Sunday, May 16, 2004

notes

Some stuff from the notebook:

Poetry things that bug me:

-- the idea that a poem does not exist until it is published -- and its existence is greater when published in a magazine like The New Yorker or Poetry

-- the idea that there are great poets

-- the idea that there are too many poets and too many poems

-- the anger at poets over their (a) not buying enough poetry / not subscribing to poetry magazines (especially the ones to which they send their poems), (b) teaching people to write poetry, thus creating more poets and more poems

-- the idea that more is worse, the best Collected Poems is the slimmest


I can see the seeming disconnect: there is a lot of poetry, there are a lot of people writing it, shouldn't there be at least as many buying it?

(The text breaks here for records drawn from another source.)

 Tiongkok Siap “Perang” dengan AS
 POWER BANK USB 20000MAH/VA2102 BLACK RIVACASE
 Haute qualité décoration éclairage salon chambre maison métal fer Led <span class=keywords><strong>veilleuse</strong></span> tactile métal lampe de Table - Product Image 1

I'm not 100% convinced there aren't people buying poetry. After all, if there are ten zillion books of poems out there the same ten people haven't picked up all of them.

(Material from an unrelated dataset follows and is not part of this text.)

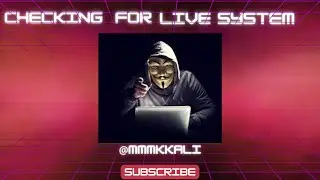 Nmap for Beginners: Checking for live systems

But I also resist the notion that market defines value.

Whether or not it was (is?) really true I like the idea that tribal people take for granted the fact that each of us is an artist, artist as a role not being divisible from basketmaker or dancer or hunter. I'm, I must admit to myself, insistent on originality, on novelty, experimentation. Tribal people, it seems to me, tend to be limited to traditions that make the variety of human experience relatively homogeneous.

Then again, as I like to note when reading lamentations over the discarding of poetic form (sonnet, iambs, whatever), English itself is a form.

I like also the idea that making poems is a spiritual activity. Like meditation. Or a form of meditation. I might say prayer. Though prayer has such a "gimme this, God" connotation that I hesitate before that comparison.